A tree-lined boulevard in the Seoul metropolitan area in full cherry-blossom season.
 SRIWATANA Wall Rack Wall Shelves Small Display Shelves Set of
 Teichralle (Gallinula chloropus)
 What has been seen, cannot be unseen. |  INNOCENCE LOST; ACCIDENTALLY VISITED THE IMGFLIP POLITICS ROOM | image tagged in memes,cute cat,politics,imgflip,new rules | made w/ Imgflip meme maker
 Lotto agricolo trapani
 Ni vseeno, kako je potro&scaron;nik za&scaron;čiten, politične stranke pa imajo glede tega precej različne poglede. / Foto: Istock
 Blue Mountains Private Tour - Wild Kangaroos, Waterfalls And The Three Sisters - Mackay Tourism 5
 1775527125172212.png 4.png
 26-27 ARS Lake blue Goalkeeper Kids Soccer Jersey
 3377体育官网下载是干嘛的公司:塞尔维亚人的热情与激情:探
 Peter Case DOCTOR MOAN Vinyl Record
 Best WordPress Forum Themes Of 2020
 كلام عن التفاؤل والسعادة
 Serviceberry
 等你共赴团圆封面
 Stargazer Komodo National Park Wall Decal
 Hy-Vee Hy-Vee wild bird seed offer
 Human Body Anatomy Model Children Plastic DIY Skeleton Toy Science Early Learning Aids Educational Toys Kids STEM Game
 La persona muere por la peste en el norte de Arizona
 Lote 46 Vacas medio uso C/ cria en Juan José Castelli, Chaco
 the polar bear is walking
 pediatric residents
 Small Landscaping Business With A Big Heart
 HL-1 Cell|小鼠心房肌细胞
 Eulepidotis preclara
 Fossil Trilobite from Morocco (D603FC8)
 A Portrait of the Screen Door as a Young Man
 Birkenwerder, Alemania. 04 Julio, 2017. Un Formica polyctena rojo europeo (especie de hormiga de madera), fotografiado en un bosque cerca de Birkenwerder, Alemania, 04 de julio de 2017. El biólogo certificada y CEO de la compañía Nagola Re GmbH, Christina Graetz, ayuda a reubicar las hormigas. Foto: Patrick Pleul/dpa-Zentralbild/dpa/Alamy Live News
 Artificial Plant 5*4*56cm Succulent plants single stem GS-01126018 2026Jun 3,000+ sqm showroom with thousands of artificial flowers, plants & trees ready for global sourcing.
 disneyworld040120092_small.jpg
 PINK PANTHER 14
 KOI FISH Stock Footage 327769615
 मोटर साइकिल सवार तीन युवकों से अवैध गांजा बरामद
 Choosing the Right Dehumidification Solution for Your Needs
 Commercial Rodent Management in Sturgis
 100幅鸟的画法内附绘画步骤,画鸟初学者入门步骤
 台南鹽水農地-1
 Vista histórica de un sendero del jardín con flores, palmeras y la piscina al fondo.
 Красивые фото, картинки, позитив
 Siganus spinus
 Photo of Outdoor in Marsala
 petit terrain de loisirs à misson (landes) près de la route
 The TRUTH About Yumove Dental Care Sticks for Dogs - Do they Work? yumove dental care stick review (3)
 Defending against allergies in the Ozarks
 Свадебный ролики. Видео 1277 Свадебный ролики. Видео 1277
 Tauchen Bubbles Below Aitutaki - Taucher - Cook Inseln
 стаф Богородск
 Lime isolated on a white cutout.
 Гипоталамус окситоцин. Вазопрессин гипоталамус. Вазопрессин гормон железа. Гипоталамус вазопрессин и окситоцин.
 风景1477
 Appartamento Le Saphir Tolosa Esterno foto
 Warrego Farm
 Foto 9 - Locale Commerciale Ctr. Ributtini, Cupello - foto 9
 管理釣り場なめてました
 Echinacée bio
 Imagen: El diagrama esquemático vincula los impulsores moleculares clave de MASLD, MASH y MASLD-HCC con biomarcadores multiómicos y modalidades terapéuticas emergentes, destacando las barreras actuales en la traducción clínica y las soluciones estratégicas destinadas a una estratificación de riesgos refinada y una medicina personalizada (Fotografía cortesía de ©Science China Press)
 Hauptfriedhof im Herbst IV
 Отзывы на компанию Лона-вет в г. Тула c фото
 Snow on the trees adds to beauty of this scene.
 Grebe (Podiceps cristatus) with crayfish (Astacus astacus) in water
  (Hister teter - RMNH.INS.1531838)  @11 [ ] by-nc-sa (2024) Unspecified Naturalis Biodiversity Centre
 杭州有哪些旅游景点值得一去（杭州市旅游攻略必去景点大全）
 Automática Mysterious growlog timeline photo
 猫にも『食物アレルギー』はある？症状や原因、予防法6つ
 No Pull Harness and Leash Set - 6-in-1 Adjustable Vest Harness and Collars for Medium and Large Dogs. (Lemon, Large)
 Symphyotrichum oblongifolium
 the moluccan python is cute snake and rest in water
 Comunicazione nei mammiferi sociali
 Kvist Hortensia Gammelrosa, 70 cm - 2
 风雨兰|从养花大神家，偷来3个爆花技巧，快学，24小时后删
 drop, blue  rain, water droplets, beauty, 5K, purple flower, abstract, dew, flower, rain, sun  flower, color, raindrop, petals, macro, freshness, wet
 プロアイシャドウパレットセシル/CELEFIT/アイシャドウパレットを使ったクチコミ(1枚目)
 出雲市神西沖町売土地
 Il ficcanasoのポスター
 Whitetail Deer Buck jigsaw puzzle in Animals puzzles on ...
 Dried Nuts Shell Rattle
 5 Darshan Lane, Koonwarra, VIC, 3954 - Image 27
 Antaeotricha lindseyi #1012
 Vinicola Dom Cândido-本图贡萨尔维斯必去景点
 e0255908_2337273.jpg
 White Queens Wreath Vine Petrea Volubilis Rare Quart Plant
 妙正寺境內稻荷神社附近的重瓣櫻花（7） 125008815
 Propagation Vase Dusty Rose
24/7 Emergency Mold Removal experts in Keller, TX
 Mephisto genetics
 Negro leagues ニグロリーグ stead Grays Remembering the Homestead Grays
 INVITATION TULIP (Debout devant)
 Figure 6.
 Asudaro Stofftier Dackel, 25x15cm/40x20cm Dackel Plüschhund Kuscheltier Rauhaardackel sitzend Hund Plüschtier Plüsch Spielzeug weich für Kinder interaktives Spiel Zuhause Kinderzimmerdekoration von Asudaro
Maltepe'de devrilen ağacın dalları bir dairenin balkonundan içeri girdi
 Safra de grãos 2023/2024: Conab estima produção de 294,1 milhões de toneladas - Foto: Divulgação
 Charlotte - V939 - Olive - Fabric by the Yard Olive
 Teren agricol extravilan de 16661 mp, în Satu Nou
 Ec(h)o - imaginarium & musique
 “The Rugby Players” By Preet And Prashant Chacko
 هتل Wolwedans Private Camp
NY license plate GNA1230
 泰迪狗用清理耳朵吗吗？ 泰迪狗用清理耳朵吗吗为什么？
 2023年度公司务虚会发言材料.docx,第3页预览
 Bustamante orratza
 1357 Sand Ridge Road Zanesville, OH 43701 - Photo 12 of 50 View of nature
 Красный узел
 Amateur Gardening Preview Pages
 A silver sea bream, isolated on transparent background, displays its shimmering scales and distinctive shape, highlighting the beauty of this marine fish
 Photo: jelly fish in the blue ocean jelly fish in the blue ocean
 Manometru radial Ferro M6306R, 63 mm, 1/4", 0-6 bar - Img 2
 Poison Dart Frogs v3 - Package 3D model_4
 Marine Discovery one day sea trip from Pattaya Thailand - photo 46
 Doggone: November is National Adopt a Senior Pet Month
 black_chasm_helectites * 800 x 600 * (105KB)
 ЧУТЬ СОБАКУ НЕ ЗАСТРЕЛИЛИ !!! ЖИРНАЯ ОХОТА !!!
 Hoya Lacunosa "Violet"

• • • • •

> [TRY IT] Transcribe all of the material exactly as it was written.

> [FINAL ANSWER]
A tree-lined boulevard in the Seoul metropolitan area in full cherry-blossom season.
 SRIWATANA Wall Rack Wall Shelves Small Display Shelves Set of
 Teichralle (Gallinula chloropus)
 What has been seen, cannot be unseen. |  INNOCENCE LOST; ACCIDENTALLY VISITED THE IMGFLIP POLITICS ROOM | image tagged in memes,cute cat,politics,imgflip,new rules | made w/ Imgflip meme maker
 Lotto agricolo trapani
 Ni vseeno, kako je potro&scaron;nik za&scaron;čiten, politične stranke pa imajo glede tega precej različne poglede. / Foto: Istock
 Blue Mountains Private Tour - Wild Kangaroos, Waterfalls And The Three Sisters - Mackay Tourism 5
 1775527125172212.png 4.png
 26-27 ARS Lake blue Goalkeeper Kids Soccer Jersey
 3377体育官网下载是干嘛的公司:塞尔维亚人的热情与激情:探
 Peter Case DOCTOR MOAN Vinyl Record
 Best WordPress Forum Themes Of 2020
 كلام عن التفاؤل والسعادة
 Serviceberry
 等你共赴团圆封面
 Stargazer Komodo National Park Wall Decal
 Hy-Vee Hy-Vee wild bird seed offer
 Human Body Anatomy Model Children Plastic DIY Skeleton Toy Science Early Learning Aids Educational Toys Kids STEM Game
 La persona muere por la peste en el norte de Arizona
 Lote 46 Vacas medio uso C/ cria en Juan José Castelli, Chaco
 the polar bear is walking
 pediatric residents
 Small Landscaping Business With A Big Heart
 HL-1 Cell|小鼠心房肌细胞
 Eulepidotis preclara
 Fossil Trilobite from Morocco (D603FC8)
 A Portrait of the Screen Door as a Young Man
 Birkenwerder, Alemania. 04 Julio, 2017. Un Formica polyctena rojo europeo (especie de hormiga de madera), fotografiado en un bosque cerca de Birkenwerder, Alemania, 04 de julio de 2017. El biólogo certificada y CEO de la compañía Nagola Re GmbH, Christina Graetz, ayuda a reubicar las hormigas. Foto: Patrick Pleul/dpa-Zentralbild/dpa/Alamy Live News
 Artificial Plant 5*4*56cm Succulent plants single stem GS-01126018 2026Jun 3,000+ sqm showroom with thousands of artificial flowers, plants & trees ready for global sourcing.
 disneyworld040120092_small.jpg
 PINK PANTHER 14
 KOI FISH Stock Footage 327769615
 मोटर साइकिल सवार तीन युवकों से अवैध गांजा बरामद
 Choosing the Right Dehumidification Solution for Your Needs
 Commercial Rodent Management in Sturgis
 100幅鸟的画法内附绘画步骤,画鸟初学者入门步骤
 台南鹽水農地-1
 Vista histórica de un sendero del jardín con flores, palmeras y la piscina al fondo.
 Красивые фото, картинки, позитив
 Siganus spinus
 Photo of Outdoor in Marsala
 petit terrain de loisirs à misson (landes) près de la route
 The TRUTH About Yumove Dental Care Sticks for Dogs - Do they Work? yumove dental care stick review (3)
 Defending against allergies in the Ozarks
 Свадебный ролики. Видео 1277 Свадебный ролики. Видео 1277
 Tauchen Bubbles Below Aitutaki - Taucher - Cook Inseln
 стаф Богородск
 Lime isolated on a white cutout.
 Гипоталамус окситоцин. Вазопрессин гипоталамус. Вазопрессин гормон железа. Гипоталамус вазопрессин и окситоцин.
 风景1477
 Appartamento Le Saphir Tolosa Esterno foto
 Warrego Farm
 Foto 9 - Locale Commerciale Ctr. Ributtini, Cupello - foto 9
 管理釣り場なめてました
 Echinacée bio
 Imagen: El diagrama esquemático vincula los impulsores moleculares clave de MASLD, MASH y MASLD-HCC con biomarcadores multiómicos y modalidades terapéuticas emergentes, destacando las barreras actuales en la traducción clínica y las soluciones estratégicas destinadas a una estratificación de riesgos refinada y una medicina personalizada (Fotografía cortesía de ©Science China Press)
 Hauptfriedhof im Herbst IV
 Отзывы на компанию Лона-вет в г. Тула c фото
 Snow on the trees adds to beauty of this scene.
 Grebe (Podiceps cristatus) with crayfish (Astacus astacus) in water
  (Hister teter - RMNH.INS.1531838)  @11 [ ] by-nc-sa (2024) Unspecified Naturalis Biodiversity Centre
 杭州有哪些旅游景点值得一去（杭州市旅游攻略必去景点大全）
 Automática Mysterious growlog timeline photo
 猫にも『食物アレルギー』はある？症状や原因、予防法6つ
 No Pull Harness and Leash Set - 6-in-1 Adjustable Vest Harness and Collars for Medium and Large Dogs. (Lemon, Large)
 Symphyotrichum oblongifolium
 the moluccan python is cute snake and rest in water
 Comunicazione nei mammiferi sociali
 Kvist Hortensia Gammelrosa, 70 cm - 2
 风雨兰|从养花大神家，偷来3个爆花技巧，快学，24小时后删
 drop, blue  rain, water droplets, beauty, 5K, purple flower, abstract, dew, flower, rain, sun  flower, color, raindrop, petals, macro, freshness, wet
 プロアイシャドウパレットセシル/CELEFIT/アイシャドウパレットを使ったクチコミ(1枚目)
 出雲市神西沖町売土地
 Il ficcanasoのポスター
 Whitetail Deer Buck jigsaw puzzle in Animals puzzles on ...
 Dried Nuts Shell Rattle
 5 Darshan Lane, Koonwarra, VIC, 3954 - Image 27
 Antaeotricha lindseyi #1012
 Vinicola Dom Cândido-本图贡萨尔维斯必去景点
 e0255908_2337273.jpg
 White Queens Wreath Vine Petrea Volubilis Rare Quart Plant
 妙正寺境內稻荷神社附近的重瓣櫻花（7） 125008815
 Propagation Vase Dusty Rose
24/7 Emergency Mold Removal experts in Keller, TX
 Mephisto genetics
 Negro leagues ニグロリーグ stead Grays Remembering the Homestead Grays
 INVITATION TULIP (Debout devant)
 Figure 6.
 Asudaro Stofftier Dackel, 25x15cm/40x20cm Dackel Plüschhund Kuscheltier Rauhaardackel sitzend Hund Plüschtier Plüsch Spielzeug weich für Kinder interaktives Spiel Zuhause Kinderzimmerdekoration von Asudaro
Maltepe'de devrilen ağacın dalları bir dairenin balkonundan içeri girdi
 Safra de grãos 2023/2024: Conab estima produção de 294,1 milhões de toneladas - Foto: Divulgação
 Charlotte - V939 - Olive - Fabric by the Yard Olive
 Teren agricol extravilan de 16661 mp, în Satu Nou
 Ec(h)o - imaginarium & musique
 “The Rugby Players” By Preet And Prashant Chacko
 هتل Wolwedans Private Camp
NY license plate GNA1230
 泰迪狗用清理耳朵吗吗？ 泰迪狗用清理耳朵吗吗为什么？
 2023年度公司务虚会发言材料.docx,第3页预览
 Bustamante orratza
 1357 Sand Ridge Road Zanesville, OH 43701 - Photo 12 of 50 View of nature
 Красный узел
 Amateur Gardening Preview Pages
 A silver sea bream, isolated on transparent background, displays its shimmering scales and distinctive shape, highlighting the beauty of this marine fish
 Photo: jelly fish in the blue ocean jelly fish in the blue ocean
 Manometru radial Ferro M6306R, 63 mm, 1/4", 0-6 bar - Img 2
 Poison Dart Frogs v3 - Package 3D model_4
 Marine Discovery one day sea trip from Pattaya Thailand - photo 46
 Doggone: November is National Adopt a Senior Pet Month
 black_chasm_helectites * 800 x 600 * (105KB)
 ЧУТЬ СОБАКУ НЕ ЗАСТРЕЛИЛИ !!! ЖИРНАЯ ОХОТА !!!
 Hoya Lacunosa "Violet"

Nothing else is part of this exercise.